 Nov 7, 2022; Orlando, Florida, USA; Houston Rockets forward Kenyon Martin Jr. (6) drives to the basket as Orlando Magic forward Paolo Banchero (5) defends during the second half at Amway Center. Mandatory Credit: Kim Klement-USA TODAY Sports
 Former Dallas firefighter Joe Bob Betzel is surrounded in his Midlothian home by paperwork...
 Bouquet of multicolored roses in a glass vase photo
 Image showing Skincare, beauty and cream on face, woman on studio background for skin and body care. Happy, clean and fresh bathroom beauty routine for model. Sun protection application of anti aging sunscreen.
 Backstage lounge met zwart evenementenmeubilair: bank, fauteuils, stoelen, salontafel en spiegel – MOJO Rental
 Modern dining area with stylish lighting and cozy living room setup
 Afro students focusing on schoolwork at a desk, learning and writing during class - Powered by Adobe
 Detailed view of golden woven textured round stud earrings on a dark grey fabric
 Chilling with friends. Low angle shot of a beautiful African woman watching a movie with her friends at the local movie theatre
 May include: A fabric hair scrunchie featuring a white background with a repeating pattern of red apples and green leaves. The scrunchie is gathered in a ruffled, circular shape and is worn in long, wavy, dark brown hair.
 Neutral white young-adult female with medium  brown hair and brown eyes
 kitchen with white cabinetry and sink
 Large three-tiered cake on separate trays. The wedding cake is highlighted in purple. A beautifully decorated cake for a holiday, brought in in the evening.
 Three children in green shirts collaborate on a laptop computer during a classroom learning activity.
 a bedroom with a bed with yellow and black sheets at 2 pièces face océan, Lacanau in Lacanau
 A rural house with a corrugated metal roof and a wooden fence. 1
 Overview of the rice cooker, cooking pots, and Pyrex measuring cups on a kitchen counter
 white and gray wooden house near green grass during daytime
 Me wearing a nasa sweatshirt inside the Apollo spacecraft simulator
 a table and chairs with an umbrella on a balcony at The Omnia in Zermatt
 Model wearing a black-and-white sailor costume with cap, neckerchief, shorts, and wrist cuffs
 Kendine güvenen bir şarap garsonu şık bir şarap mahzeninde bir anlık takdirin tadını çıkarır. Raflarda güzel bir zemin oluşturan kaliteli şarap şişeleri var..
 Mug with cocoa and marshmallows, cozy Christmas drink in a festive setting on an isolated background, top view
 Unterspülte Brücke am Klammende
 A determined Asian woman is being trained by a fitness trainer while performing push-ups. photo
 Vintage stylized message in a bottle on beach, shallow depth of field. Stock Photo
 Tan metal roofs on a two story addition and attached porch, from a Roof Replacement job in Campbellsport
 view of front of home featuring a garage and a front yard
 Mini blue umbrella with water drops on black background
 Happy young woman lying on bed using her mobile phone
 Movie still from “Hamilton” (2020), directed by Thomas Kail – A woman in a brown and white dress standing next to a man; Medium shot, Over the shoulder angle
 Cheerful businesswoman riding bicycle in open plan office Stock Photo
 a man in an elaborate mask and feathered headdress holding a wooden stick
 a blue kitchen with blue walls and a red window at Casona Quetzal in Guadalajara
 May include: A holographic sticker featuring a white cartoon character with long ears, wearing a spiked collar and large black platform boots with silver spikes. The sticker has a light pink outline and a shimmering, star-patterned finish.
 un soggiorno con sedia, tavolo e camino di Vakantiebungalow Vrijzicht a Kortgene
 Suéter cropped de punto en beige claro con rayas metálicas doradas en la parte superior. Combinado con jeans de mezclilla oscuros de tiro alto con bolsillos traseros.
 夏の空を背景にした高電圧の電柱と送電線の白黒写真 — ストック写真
# # #
What needs to be done - Determine how many lines in the data above contain the string "wearing". Give nothing except the number.

Answer to the exercise - 3